I omit one paragraph and continue:
“For the realization of their criminal plans the German invaders created Sonderkommandos, both in the transient and permanent camps for prisoners of war, on German territory, in the so-called Polish Government General, and in the temporarily occupied territory of the Soviet Union.”
I further omit seven paragraphs and continue the quotation on Page 207 of the document book, Paragraph 6, Column 2 of the text:
“The procedure in the formation of the Sonderkommando is described in Appendix Number 1 to Operational Order Number 14 of the Chief of the Sipo and SD, marked state top secret, Copy Number 15, dated Berlin, 29 October 1941.
“The formation of the Sonderkommandos of the Sipo and SD is carried out in accordance with the agreement of 7 October 1941, reached between the Chief of the Sipo and the SD on the one hand and the OKW on the other hand.
“By virtue of special powers the Kommandos will act independently in conformity with general directives, within the scope of the camp regulations. The Kommandos, of course, maintain close contact with the camp commandants and the officers of the Intelligence Service.”
I omit the following text and continue the quotation from Page 208 of the document book, Paragraph 1. The Tribunal will observe how much the Reich leadership extended the installation of these highly dangerous police organizations. The Sonderkommandos were organized all the way from the town of Krasnogvardeisk—a suburb of Leningrad—to the town of Nikolaiev on the Black Sea. I now continue with my quotation:
“The order of the Chief of the Sipo and SD of 29 October 1941, regarding the organization of the Sonderkommandos, was sent to the operational groups in Krasnogvardeisk, Smolensk, Kiev, and Nikolaiev, and for information to Riga, Moghilev, and Krivoy Rog.”

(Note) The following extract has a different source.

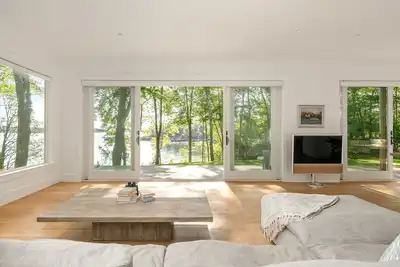Image de Luxurious island home on the water, 30 minute ferry ride from Portland Maine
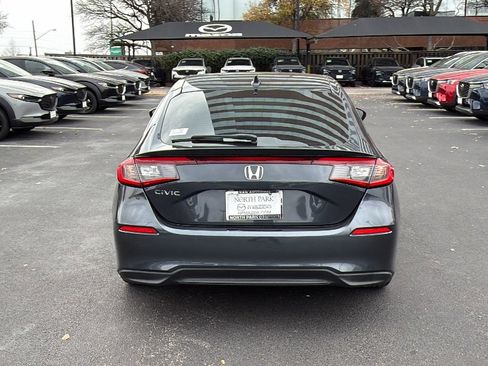 Used 2023 Honda Civic LX image 7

I would also point out that during their attack on Moscow the Hitlerites organized in Smolensk a special Sonderkommando Moscow, entrusted with the task of mass-murdering the Moscow citizens.
Mention has previously been made of the wide range of authoritative power granted to the Sonderkommando. In the document which I am quoting it is said:
“The tasks of the Sonderkommandos are outlined in the operational directives attached to Decree Number 8 of the Chief of the Sipo and SD, dated Berlin, 17 July 1941, which, under the pretext of a screening of civilians and suspected prisoners of war captured in the Eastern campaign indicate that:
“The special nature of the Eastern campaign calls for special measures, to be carried out on personal responsibility beyond the range of any bureaucratic influences.”
I omit the next extract from this document, since it is merely a repetition of the basic rules which I have already read into the record.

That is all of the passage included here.